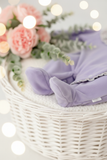 Babygrow lilás tema flores em VELUDO
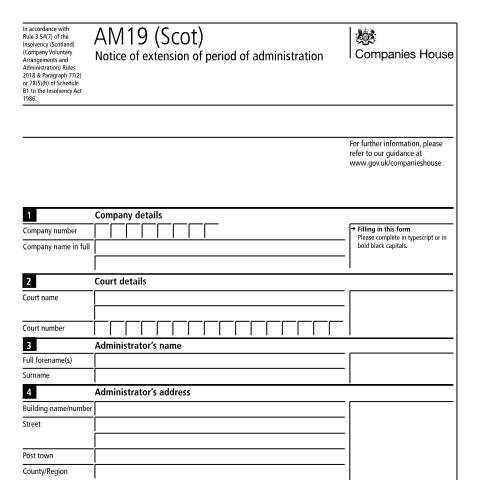 Document preview: Extend the period of administration for a Scottish company: AM19 (Scot) — Companies House, United Kingdom
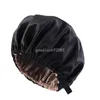 Neue Frauen Satin Motorhaube Doppel Schicht Schlaf Nacht Kappe Seidige Turban Anpassen Abdeckung Hut Für Lockiges, Federndes Haar Styling Zubehör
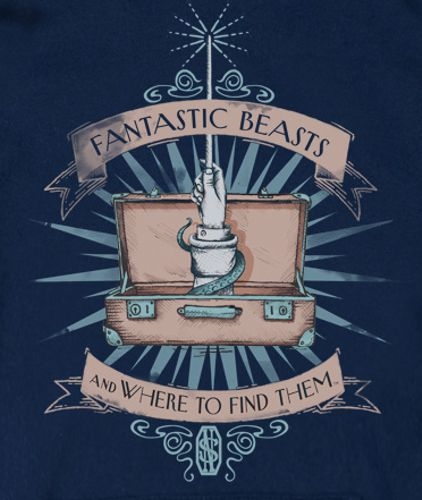 Fantastic Beasts and where to find them Harry Potter original T-Shirt Magic Wand dunkelblau Grössen S M L XL 2XL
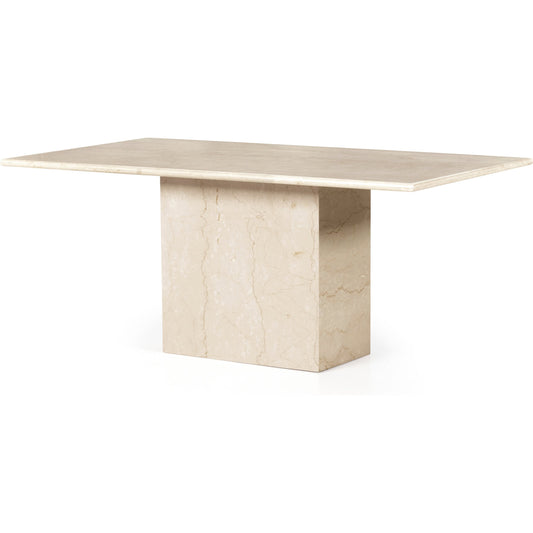 001 SI-1901547 | Additional Silo | Arum Dining Table by Four Hands in cream marble. Made from solid marble in a coastal style.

____________________

Requirement → Return the listing verbatim, pictures excluded.

Solution below →
 Babygrow lilás tema flores em VELUDO
 Document preview: Extend the period of administration for a Scottish company: AM19 (Scot) — Companies House, United Kingdom
 Neue Frauen Satin Motorhaube Doppel Schicht Schlaf Nacht Kappe Seidige Turban Anpassen Abdeckung Hut Für Lockiges, Federndes Haar Styling Zubehör
 Fantastic Beasts and where to find them Harry Potter original T-Shirt Magic Wand dunkelblau Grössen S M L XL 2XL
 001 SI-1901547 | Additional Silo | Arum Dining Table by Four Hands in cream marble. Made from solid marble in a coastal style.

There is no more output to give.